American botanist. Royce Oliver was born in Winters, Texas, and took his bachelor's degree at Arlington State College (now part of the University of Texas) and his master's at Stephen F. Austin State University. At the latter he assisted Walter H. Lewis and collected Rubiaceae in the southwestern States and Mexico. Royce completed his master's in 1962 with a thesis on Sisyrinchium cytotaxonomy and went on to teach high school biology for a while.
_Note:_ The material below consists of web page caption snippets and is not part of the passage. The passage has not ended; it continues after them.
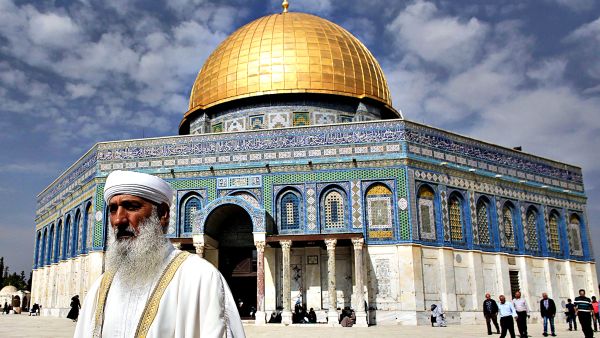 An Arab resident in front of the Dome of the Rock at Jerusalem's Al Aqsa Mosque. (Ahmad Gharabli/AFP)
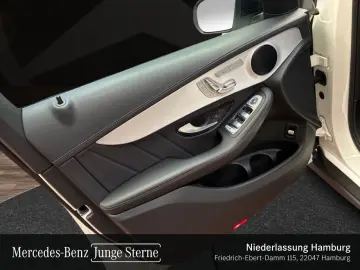 MERCEDES-BENZ GLC 300 de AMG Night Spur Dist 360  Pano LED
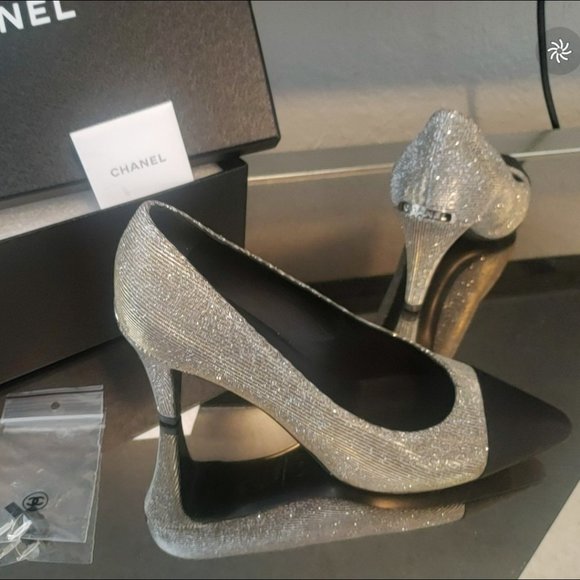 Chanel Sparkle Heels 38.5 GORGEOUS!!! RARE 😍😍😍 - Picture 7 of 17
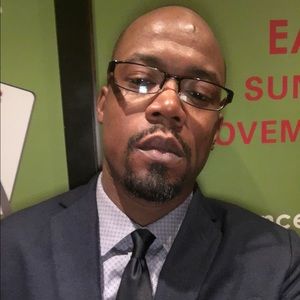 Meet your Posher, Marc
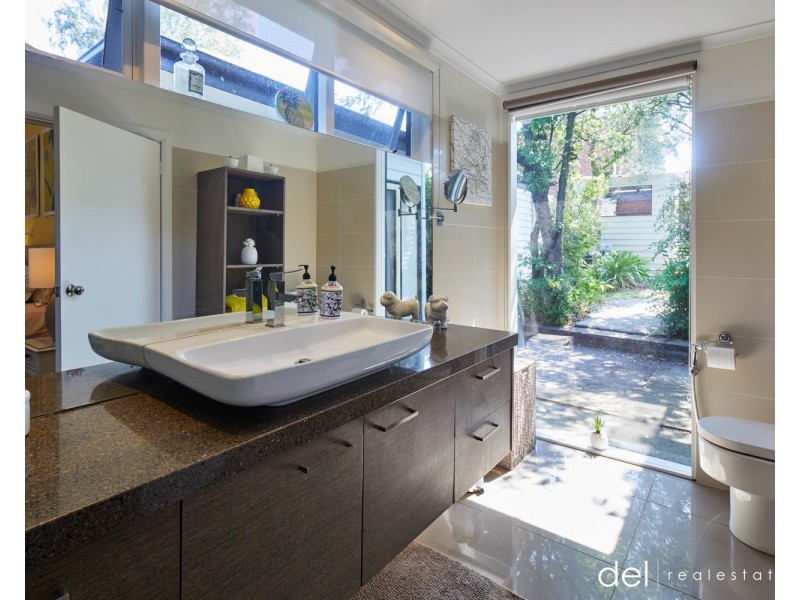 16 Holohan Place, Dandenong North VIC 3175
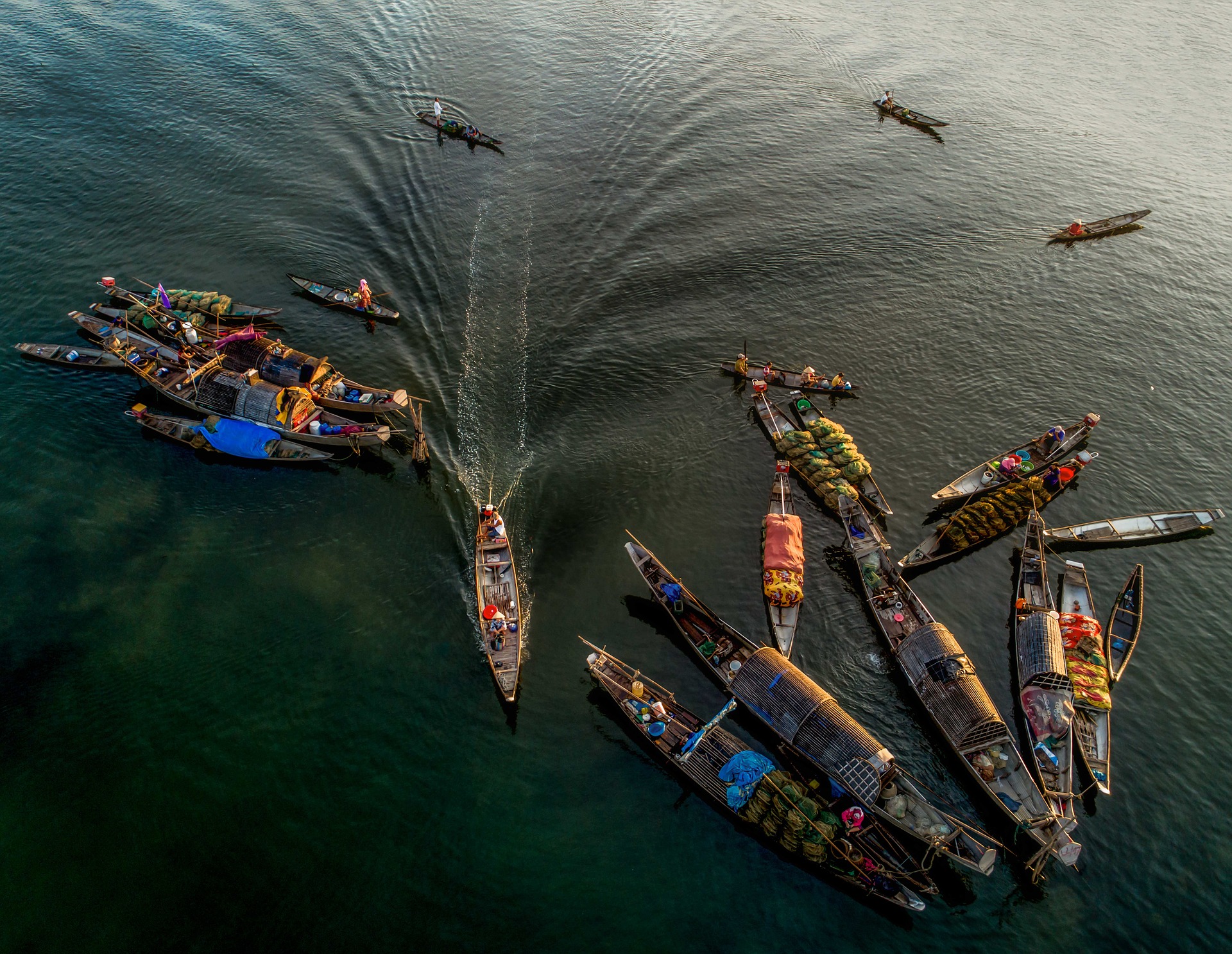 Vietnam boat markets out at sea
He joined Washington State University and Missouri Botanical Garden as a research associate in 1964, working alongside his erstwhile colleague Walter Lewis, and played an important role in field trips to Panama, making collections for the Flora of Panama project. He also undertook numerous collecting trips in Mexico and the eastern U.S. Early in 1979 a permanent position opened in the botany department at the Smithsonian Institution and Oliver left for Washington, D.C. to assist Raymond Fosberg and Marie Helene Sachet. He remained there until he retired, building his reputation as a fine plant cytologist, an experienced field researcher, and a herbarium curator par excellence. In the 1990s Royce was in close contact with Dr Sy Sohmer, Director of the Botanical Research Institute of Texas (BRIT) at Fort Worth, where Royce provided a gift to establish the Royce Oliver Belize Project. He died of pancreatic cancer in 1997 at his home in College Station, Texas.
Sources:
W.H. Lewis and J.W. Nowicke, 1998, "Royce L. Oliver: 1929-1997", HerbalGram, 44: 62.